The Dawson's Creek Episode Guide: Ch...Ch...Ch...Changes
Let’s talk about professional wrestling for a minute.
Back in 2018, New Japan Pro Wrestling staged their annual Wrestle Kingdom event, their biggest of the year. It’s essentially their version of WrestleMania. Their champion, Kazuchika Okada, was in the midst of a record-breaking reign that saw him full-on dominating the promotion in a way that hadn’t been seen since maybe Hulk Hogan ran a train on the WWF as champion back in the 1980s. In fact, the only performer hotter than Okada at that time was a dude named Tetsuya Naito, his opponent in the main event of Wrestle Kingdom. Naito was riding an incredible wave of popularity, leading the much-beloved faction Los Ingobernables de Japon and stringing together a series of victories that included a successful run through the grueling round robin tournament used to decide the championship challenger at Wrestle Kingdom. Naito had been champion before, but he was primed for a game-changing run at the top as the number one guy in the company. All logical storytelling tropes pointed to Naito beating Okada and hoisting the heavyweight championship aloft at the end of the show, but despite putting on a classic match, it was Okada who walked away the victor.
The decision was confounding in the moment. Why would you put so much behind Naito, a character who was only becoming more beloved by the day, only to have him lose in the end? It’s a deeply unsatisfying conclusion to an otherwise well-told tale. Of course, it only felt that way at the time. The deeper into 2018 we went, the more everyone realized that the story around Okada and his championship reign was a much bigger one. The win over Naito wasn’t the end of a narrative but rather the midpoint of one. He would go on to break the record for most successful championship defenses (with a win in a match over the previous record holder no less), and when he did finally drop the belt later on in the year, it was to ascendant Canadian star Kenny Omega, who finally defeated Okada after literal years of valiant attempts. The larger scope of the story was ultimately successful and deeply satisfying, but every time I go back and watch Okada and Naito (and I do pretty often; it’s one of my favorite matches) I think they should have just given the belt to Naito. In that moment, it would have been incredibly meaningful, even if it derailed a greater story being told.

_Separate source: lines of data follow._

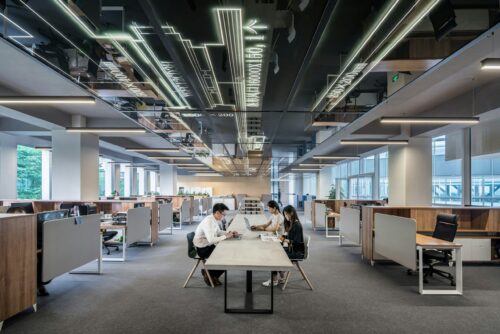 Grand open space de bureau moderne avec plusieurs postes de travail, personnes en réunion autour d’une table centrale.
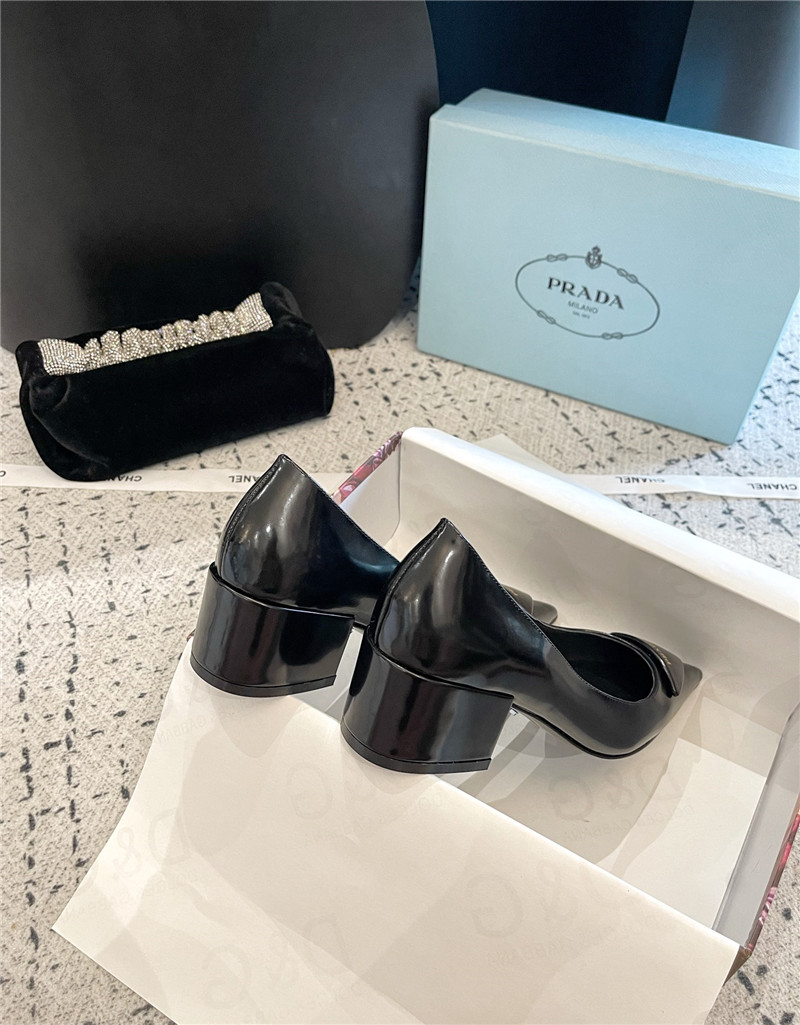 Pra*a triangle logo black brushed leather pumps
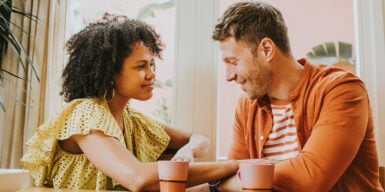 Man and woman drinking tea together and talking as a symbol of core values in a relationship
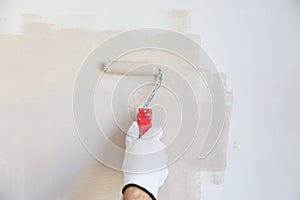 Painter hand in white glove painting a wall with paint roller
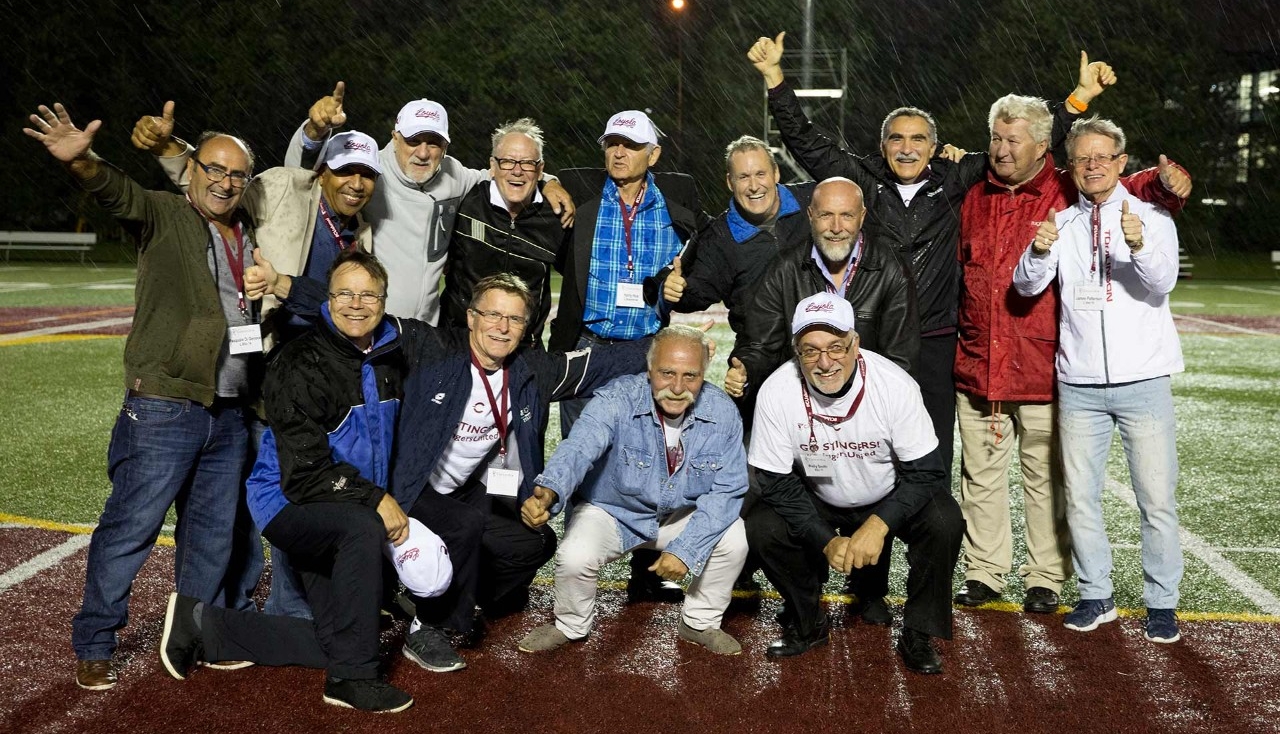 Concordia's 1973 men's soccer team pose for a photo in the rain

What I’m trying to say is I think Dawson and Joey should have had sex here.
Let me back up: Though there’s plenty of narrative in the penultimate episode of Dawson’s Creek’s second season, the only real important moment is when Dawson discovers Joey’s dad getting involved in some sort of drug deal in the back of the Icehouse, which would mean that the freshly out-of-jail Mike Potter was drifting back into a life of crime. Cursed with this new knowledge, Dawson will ultimately have to decide whether to tell Joey even as their relationship is the best it’s been and Joey’s life overall is as rosy as we’ve seen.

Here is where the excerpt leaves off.